HIPAA And The Growth Of Technology

Michael Manganelli

Associate Editor

Loyola University Chicago School of Law, JD 2021

Earlier in 2019, a lawsuit was filed against University of Chicago Medicine, University of Chicago Medical Center, and Google. The suit claims that patient information was shared with google as part of a study aimed to advance the use of Artificial Intelligence, however, patient authorization was not obtained and the data used was not properly de-identified. In 2017, University of Chicago (UChicago) Medicine started sending patient data to Google as part of a project to look to see if historical health record data could be used to predict future medical events.

HIPAA and patient data

The Health Insurance Portability and Accountability Act of 1996 (HIPAA) does not prohibit disclosure, if either the patient provides express consent or the protected health information (PHI) has been de-identified of the 18 identifiers that allow PHI to be tied to a particular patient. Included in the 18 identifiers are: names, geographical identifiers such as a zip code, dates related to an individual, URLs, IP addresses, and any other unique identifying number, characteristic or code. In the case of zip codes, covered entities (healthcare organizations and their business associates), are permitted to use the first three digits of the zip code if those digits encompass more than 20,000 individuals.

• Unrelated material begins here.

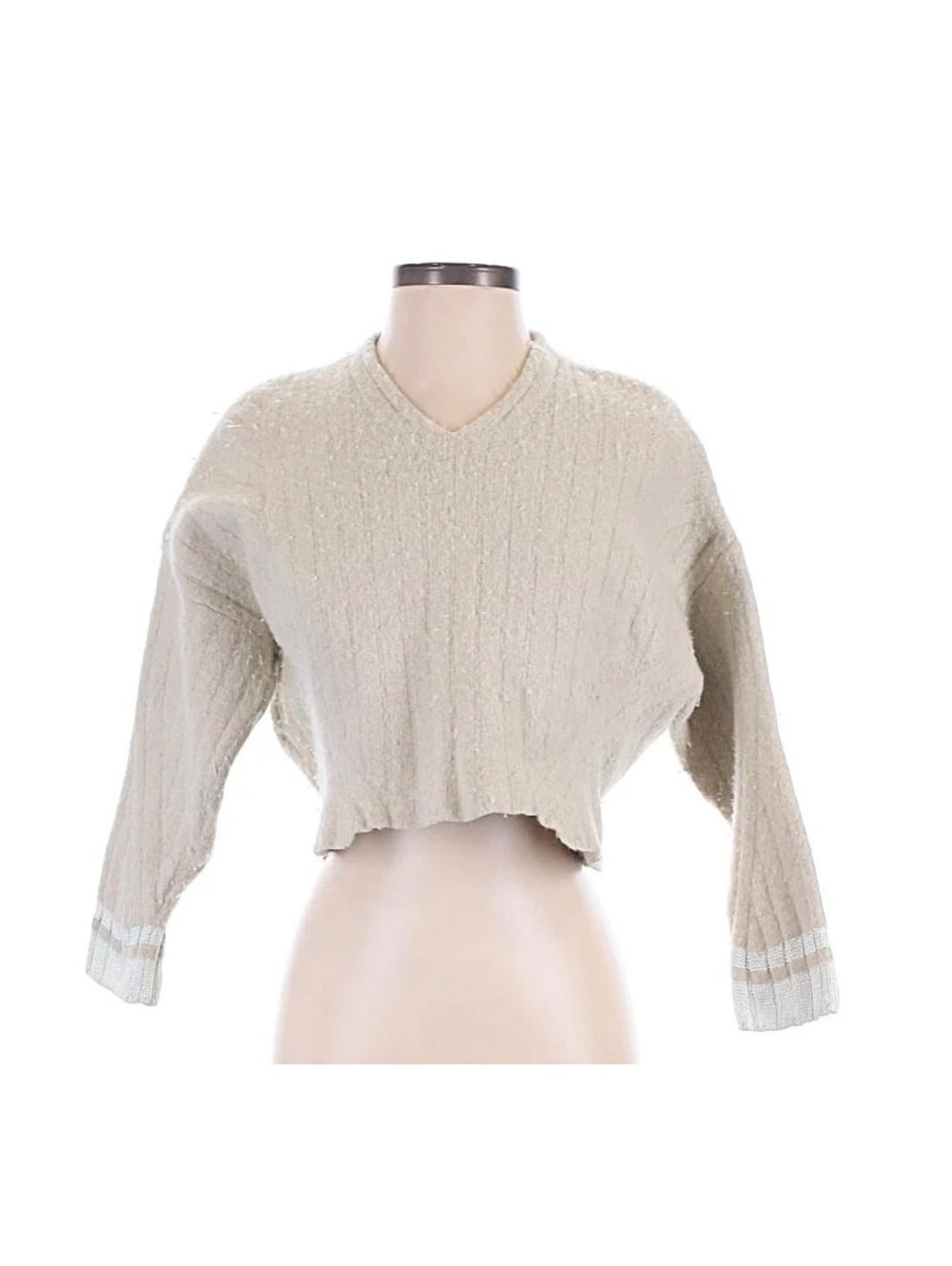 Rag & Bone Cropped Wool Blend 3/4 Sleeve Sweater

HIPAA provides a specific Security Rule regarding electronic formats. Under this rule, HIPAA requires safeguards to be implemented to protect PHI that is created, used, stored, or transmitted in electronic formats. This specific type of PHI has been classified as electronic PHO, or ePHI.

Google confirmed in a 2018 research paper that the ePHI used in the research was deidentified, however, dates of service were included in the data set. This could be considered a HIPAA breach since Google already holds vast quantities of data on individuals. Google could tie the data to other information and in turn could re-identify patients. No evidence has been obtained by Edelson PC, the law firm representing the injured parties, to suggest that Google has misused any patient data.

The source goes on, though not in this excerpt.